[Image-text web data]
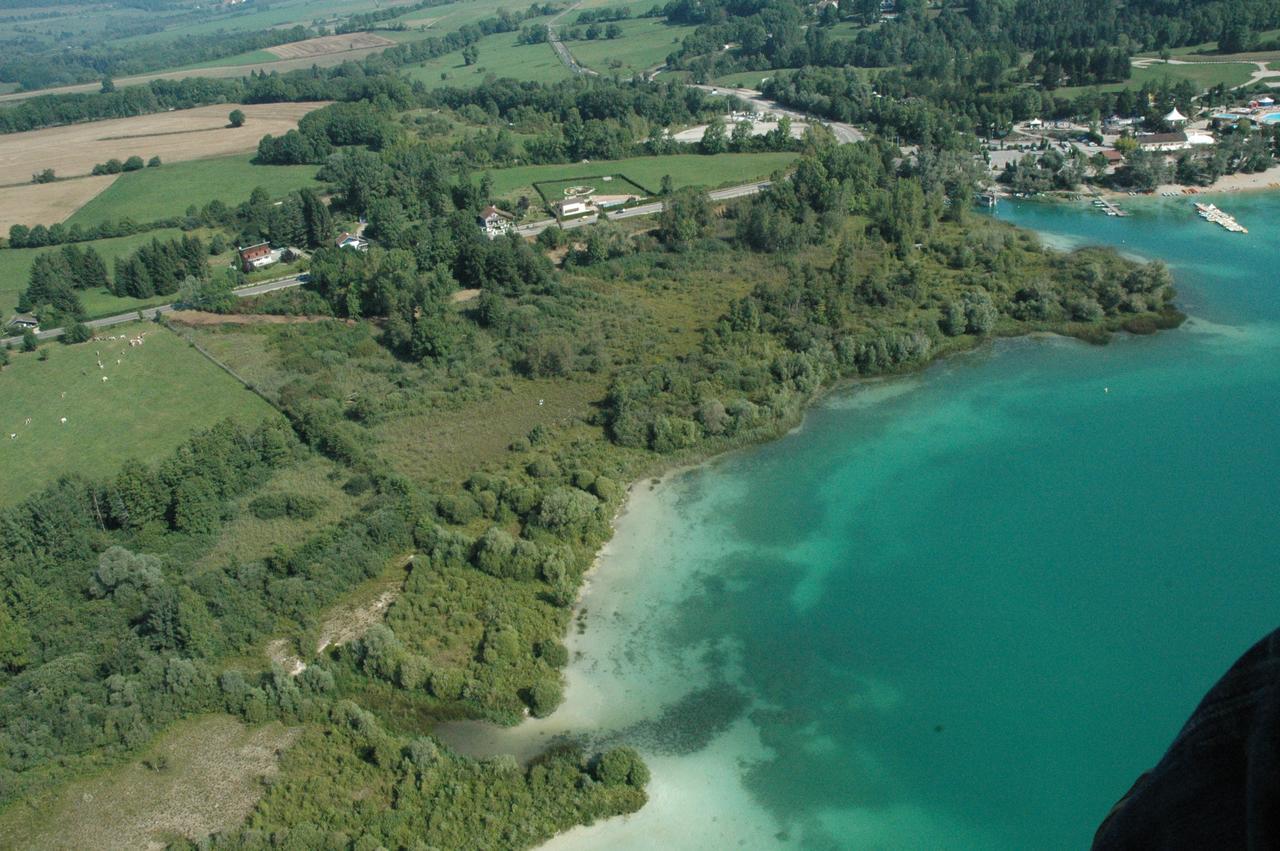 Marigny  Chalet Des Planchettes מראה חיצוני תמונה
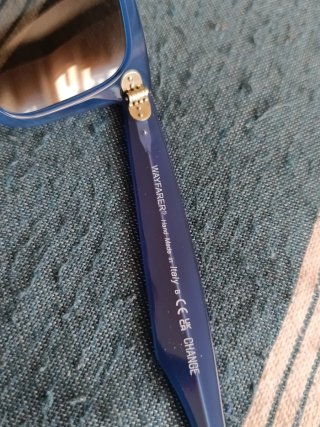 Gafas Ray-Ban Wayfarer Azules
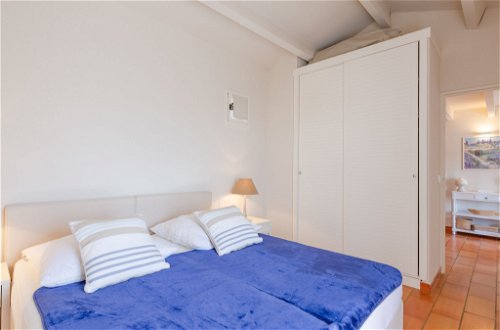 Foto 12 - Apartamento de 2 quartos em Roquebrune-sur-Argens com piscina e vistas do mar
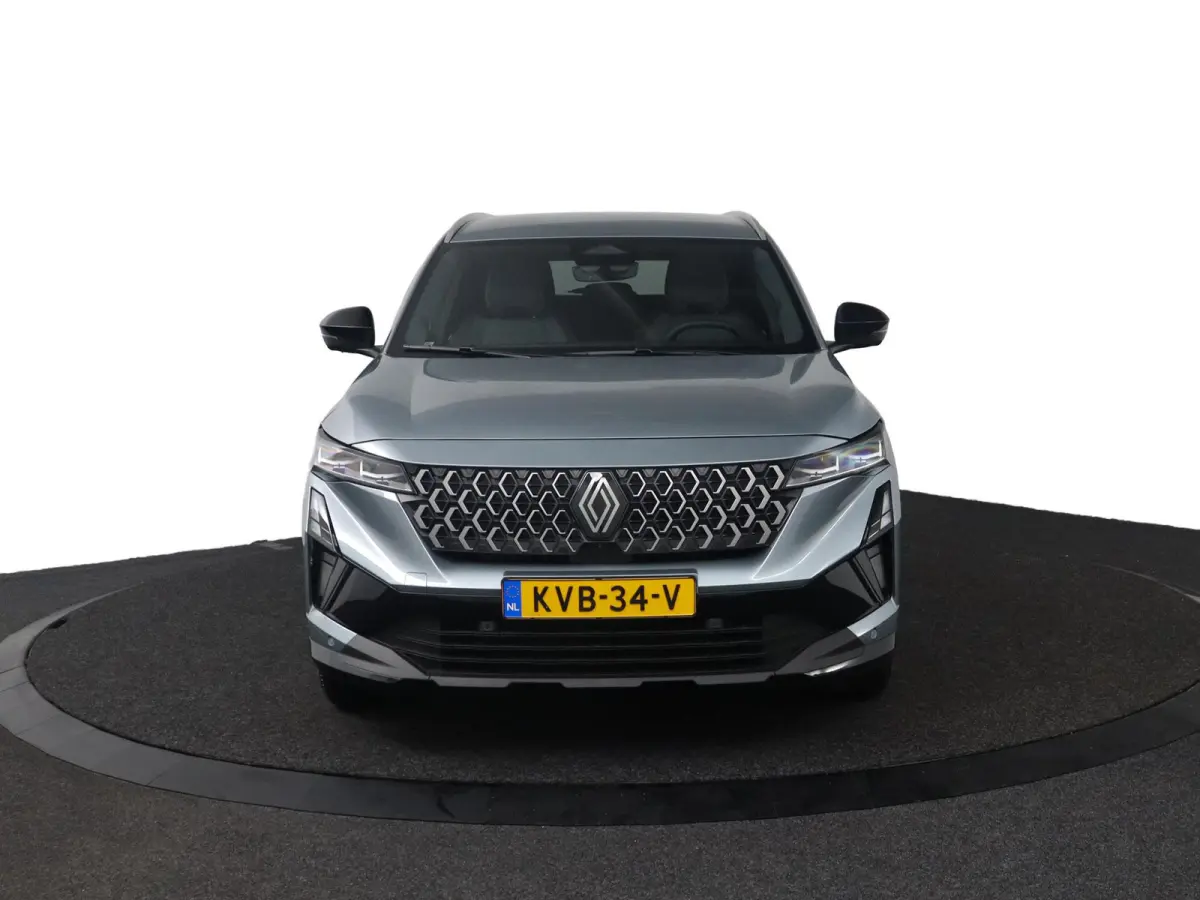 techno full hybrid E-Tech 200 - 5 zitplaatsen | pack privilège |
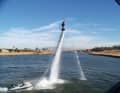 Flyboard in Action.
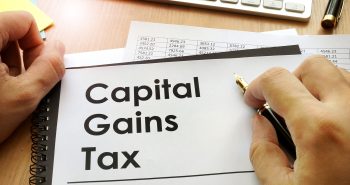 Capital gains tax in Canada
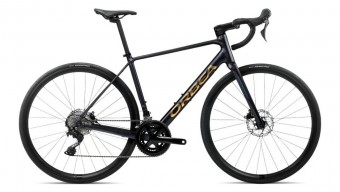 Orbea Avant H40 Rennrad diamond black/titan gold 2027 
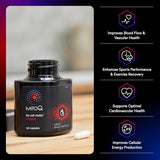 MitoQ Heart - Powerful Antioxidant Support for Heart and Cellular Health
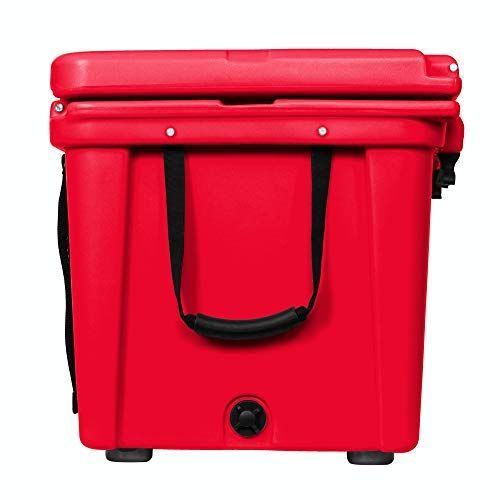 예티 YETI Orca CoolerCooler Cooler, Red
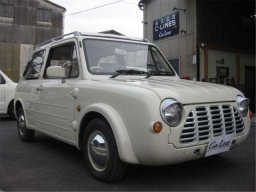 Used Nissan PAO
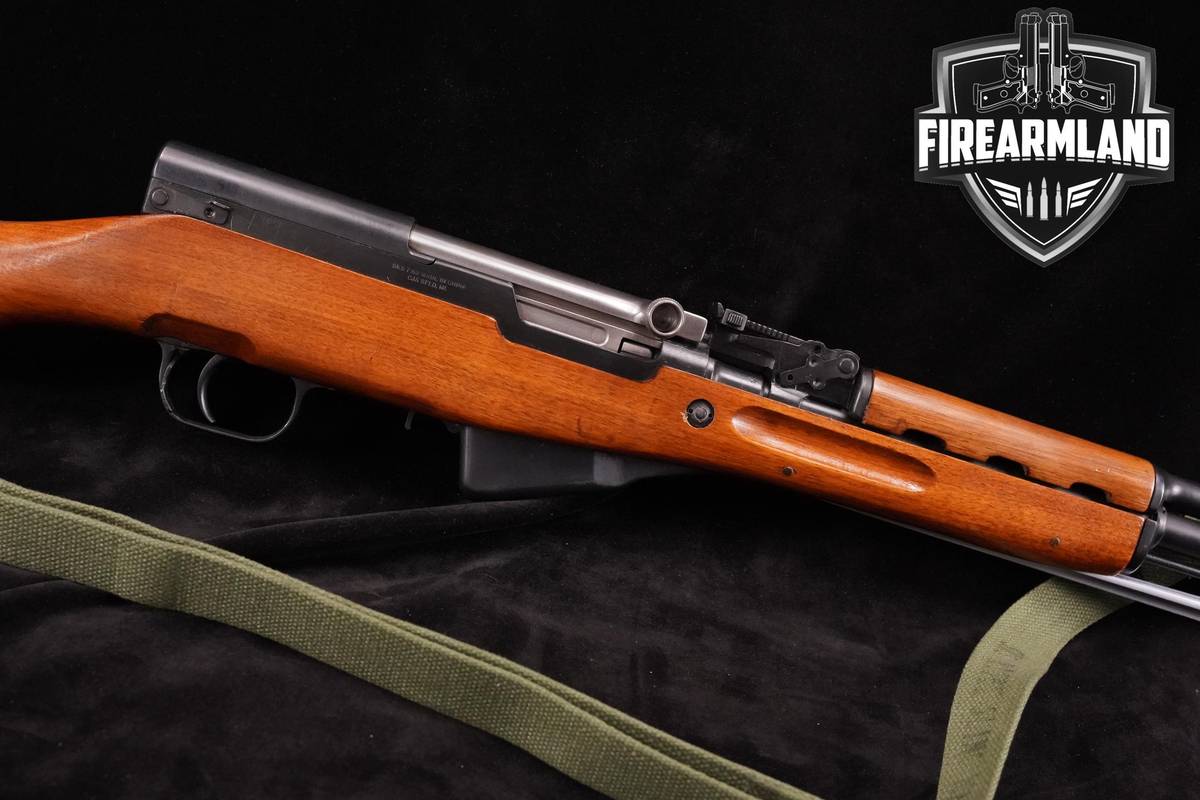 VINTAGE 1965 Jianshe Arsenal Type-56 SKS 7.62x39 20.5" Blued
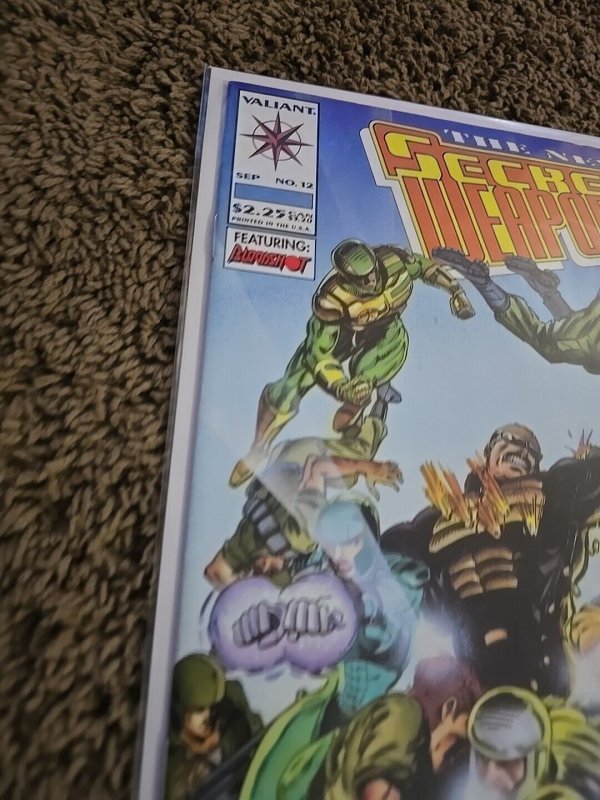 The New Secret Weapons #12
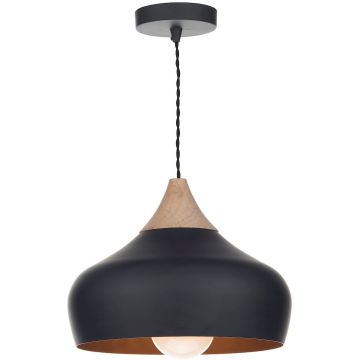 Dar Lighting GAUCHO GAU0122 Suspension 1x60W/E27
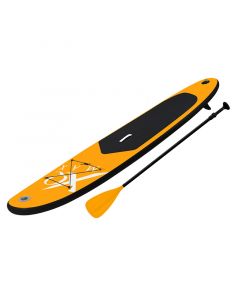 XQ Max SUP Board - 285cm - tot 80kg - oranje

# Work to be completed
Once the line containing "Capital gains tax in Canada" is found in the records above, it and every line after it up to the last must be repeated exactly, without pictures.

# The answer
 Capital gains tax in Canada
 Orbea Avant H40 Rennrad diamond black/titan gold 2027 
 MitoQ Heart - Powerful Antioxidant Support for Heart and Cellular Health
 예티 YETI Orca CoolerCooler Cooler, Red
 Used Nissan PAO
 VINTAGE 1965 Jianshe Arsenal Type-56 SKS 7.62x39 20.5" Blued
 The New Secret Weapons #12
 Dar Lighting GAUCHO GAU0122 Suspension 1x60W/E27
 XQ Max SUP Board - 285cm - tot 80kg - oranje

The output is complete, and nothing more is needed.